Nel Burgenland, al confine tra Austria e Germania. Che cosa ha di speciale?

Niente, se non il fatto che nel periodo del festival, nella tarda primavera di lassù, puoi trovarci il fior fiore degli artisti che credono e amano la musica. Senza retorica, una professione di fede in un festival musicale in cui non esistono limitazioni di repertorio e di interpreti, né barriere politiche o restrizioni ideologiche.

E senza la spocchia del festival cosiddetto alternativo, o intelligente, ossia alla fin fine pretenzioso e noioso.

Provare per credere.

O meglio credere per provare.

Per capire, a Lockenhaus bisogna andarci. Tutt’al più si può rimanere un po’ interdetti dall’aura tra lo spirituale e il mistico che vi spira.
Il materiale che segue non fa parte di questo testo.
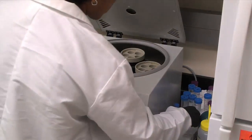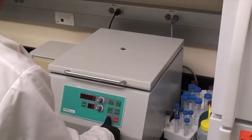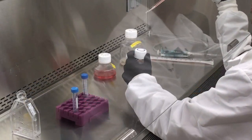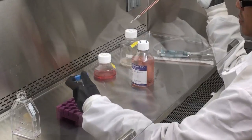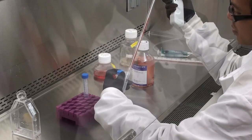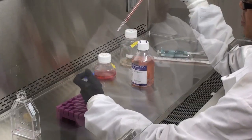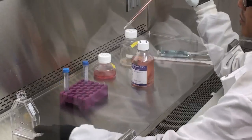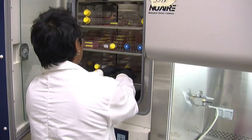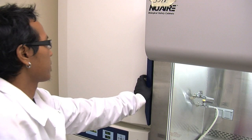After the cell count, pellet the cells down to the bottom of the tube by centrifugation. Make sure to balance the centrifuge. The usual rotational velocity is in the range of 500-1000 rpm and lasts for 5 minutes. Based on the perceived density and hemocytometer count of the cells, a fraction of the cells are dispensed back into the flask. Once dispensed, fresh media is added to the culture flask and placed back into the incubator. Make sure that the incubator temperature and percentage of CO2 is set correctly, normally 37°C and 5%, and that the door is shut properly.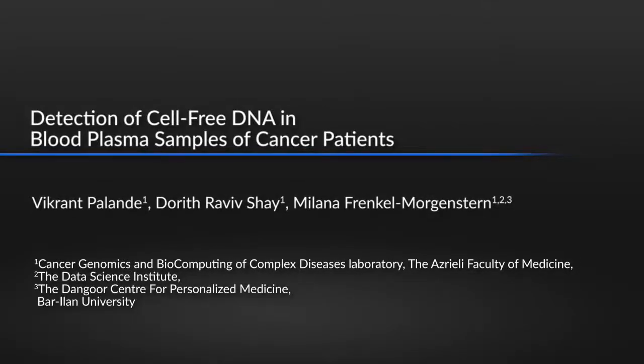Liquid biopsy using cell-free DNA may identify tumor mutations and fusions to potentially diagnose the tumor type and its drug response. In contrast to tissue biopsy, cell-free DNA based liquid biopsy offers a non-invasive approach that can be performed multiple times to monitor cancer disease progression.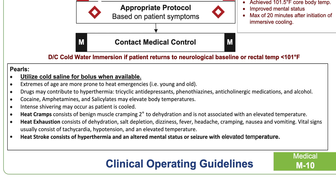Drugs such as TCAs — tricyclic antidepressants — anticholinergic medications, alcohol, cocaine, amphetamines, and salicylates may cause the body temperature to elevate. We need to make sure that we're only looking for patients that have had an environmental exposure, and those are the ones that we're going to try and cool. They may have something else on board.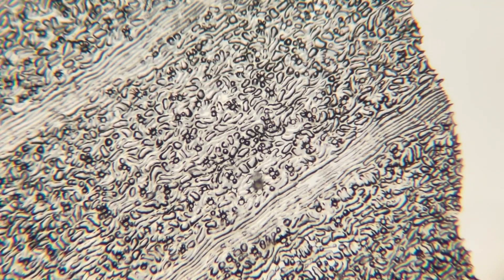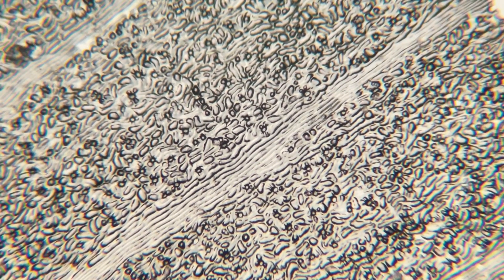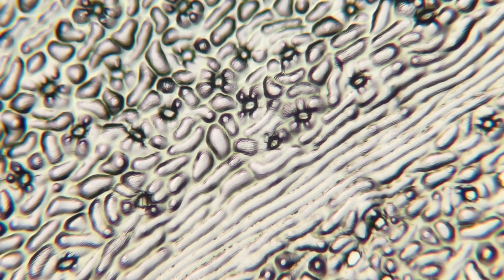What we are seeing now is the beautiful pattern of the underside of the leaf. We see the cells that form the veins of the leaf and we also see the stomata. Stomata are the pores used by plants to capture CO2 and to release oxygen.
C’è una deliziosa chiesetta in cui si svolgono, oltre ai riti specifici della religione, concerti ispirati alle tre confessioni cristiane: liturgia russo-ortodossa, cantate protestanti di Bach e musica di Haydn, Messiaen o Casals, ossia della tradizione cattolica più varia. Il tutto rivissuto intensamente e appassionatamente attraverso la musica: che si travasa anche all’aperto, sulle scale della scuola, o nel cortile del municipio. Sacro e profano come negli antichi misteri medievali.

Con un’incursione costante, dura e amara talvolta, nei territori della modernità.

Fu lì che ascoltammo per la prima volta le note disperate e piene di speranza di Erwin Schulhoff, ardito compositore praghese morto in un campo di concentramento in Baviera perché ebreo e comunista; eccole, queste note stupefacenti, in uno dei dieci cd ora dedicati dalla Philips a Lockenhaus, suonate da Kremer, da Heinz Holliger, dal Quartetto Ysaye, ed altri ancora, meravigliosamente.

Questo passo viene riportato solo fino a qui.